Victims are being encouraged to go to pharmacies, which are still open during the lockdown, and ask for help. Staff members will contact police if asked.

“In a pharmacy, you always have someplace to talk to the chemist without being heard by anybody, so you can say what you think, even about such a problem, and be sure that nobody can hear,” Gilles Burbot, a pharmacist in Paris, told CBS News.

In cases when it might not be possible for a victim to speak to a pharmacist by herself, she can use the codeword “Mask 19” to raise the alarm.

According to the French interior minister, domestic violence cases in the country have jumped by 36% in Paris and 32% in the rest of France since March 17, the first day of the lockdown.

In Greenland, sale of alcohol has been banned in capital, Nuuk, for the duration of the lockdown.
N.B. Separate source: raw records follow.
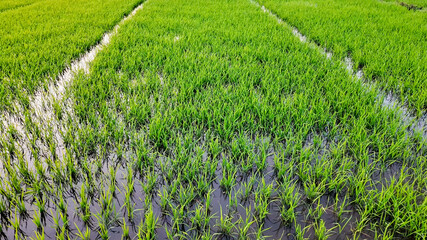 Lush green paddy fields with standing water reflecting sustainable agriculture practices, related to World Environment Day and National Rice Planters Day
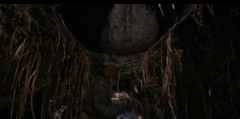 Indiana Jones Boulder Indiana Jones Christmas Boulder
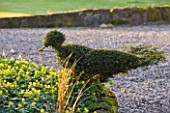DIAL PARK  WORCESTERSHIRE: TOPIARY BIRD BESIDE ACONITES AND SNOWDROPS IN RAISED BED BESIDE THE DRIVE  EVENING LIGHT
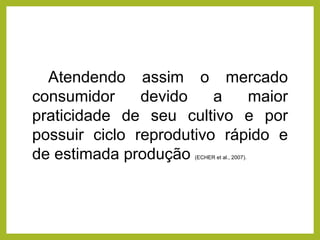 Atendendo assim o mercado
consumidor devido a maior
praticidade de seu cultivo e por
possuir ciclo reprodutivo rápido e
de estimada produção (ECHER et al., 2007).
 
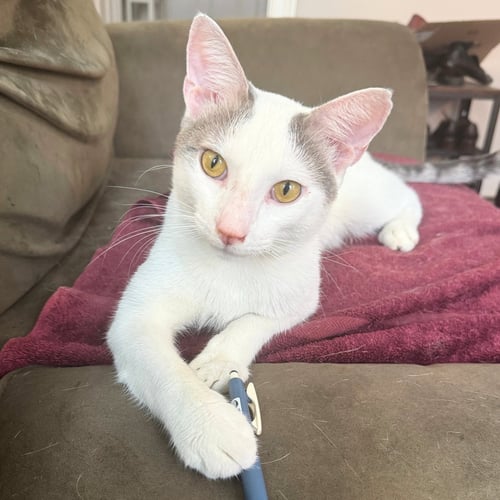 ERLING HAALAND - Domestic Short Hair available for adoption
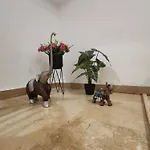 Oasis De Valencia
The rule was adopted in an attempt to reduce domestic violence against children.

A spike in domestic violence was observed after schools were closed in the autonomous Danish territory.

The country’s prime minister, Kim Kielsen, told The Guardian that “at the heart of my decision is the protection of children; they have to have a safe home.”

To Dr. Tedros, “there is never any excuse for violence,” he said. “We abhor all violence of all forms, at all times.”

“If you are experiencing or at risk of domestic violence, then make a plan to protect yourself and your children any way you can,” he suggested. “This could include having a neighbor, friend, relative, or shelter identified to go to should you need to leave the house immediately.”